- Task requirements:
The response must consist of the lines below from the one with "Hunian Mewah di" through the one with "手打扁肉汤-莆田餐厅PUTIEN(三里屯店)", exactly as they appear and with both ends kept.

- Data for analysis:
[Start of section]
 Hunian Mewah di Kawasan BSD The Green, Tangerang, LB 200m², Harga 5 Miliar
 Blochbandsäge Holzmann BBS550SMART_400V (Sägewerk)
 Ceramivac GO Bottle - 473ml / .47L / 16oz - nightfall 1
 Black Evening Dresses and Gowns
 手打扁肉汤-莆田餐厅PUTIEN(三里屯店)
[End of section]
[Start of section]
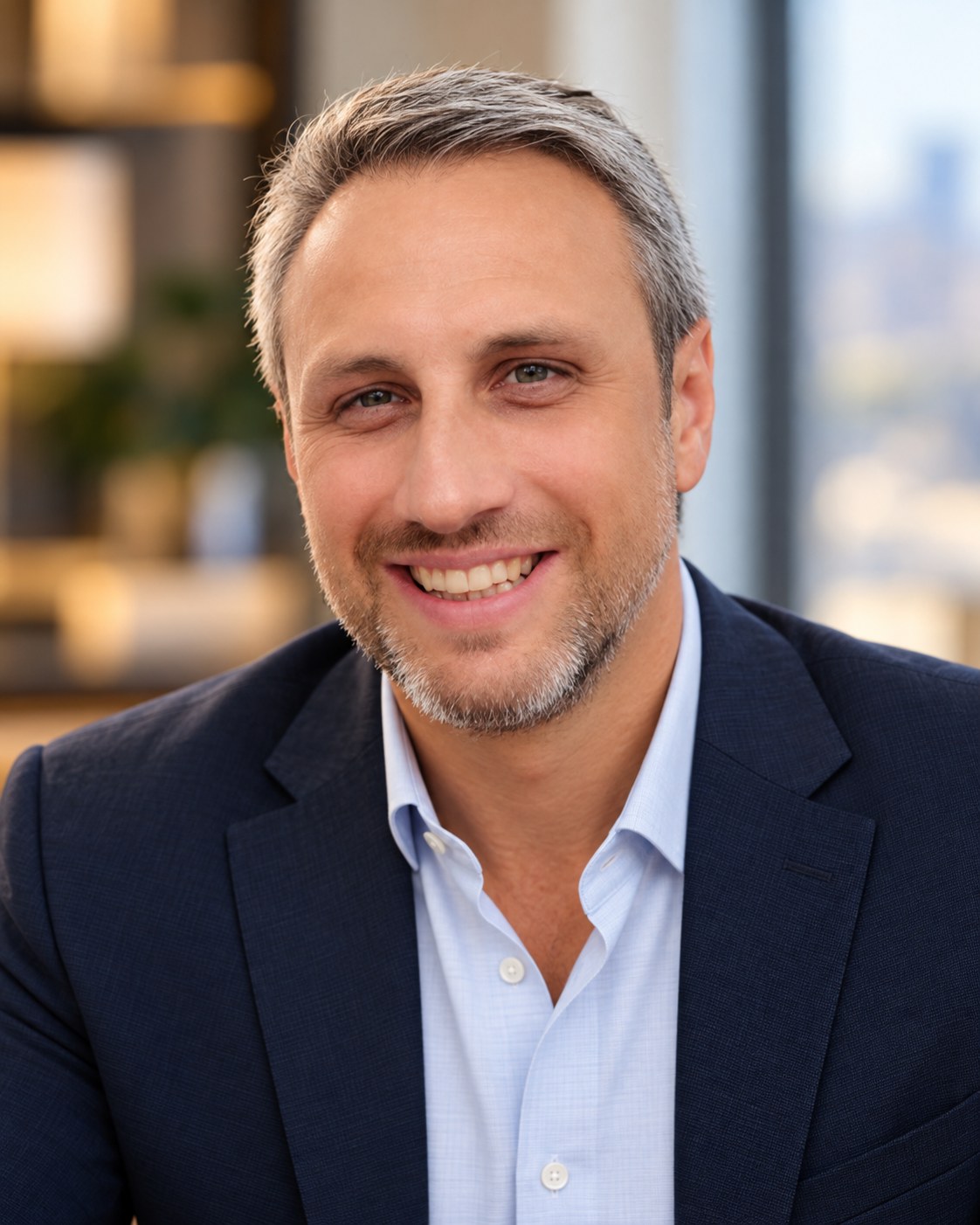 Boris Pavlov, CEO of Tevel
[End of section]
- Output below:
 Hunian Mewah di Kawasan BSD The Green, Tangerang, LB 200m², Harga 5 Miliar
 Blochbandsäge Holzmann BBS550SMART_400V (Sägewerk)
 Ceramivac GO Bottle - 473ml / .47L / 16oz - nightfall 1
 Black Evening Dresses and Gowns
 手打扁肉汤-莆田餐厅PUTIEN(三里屯店)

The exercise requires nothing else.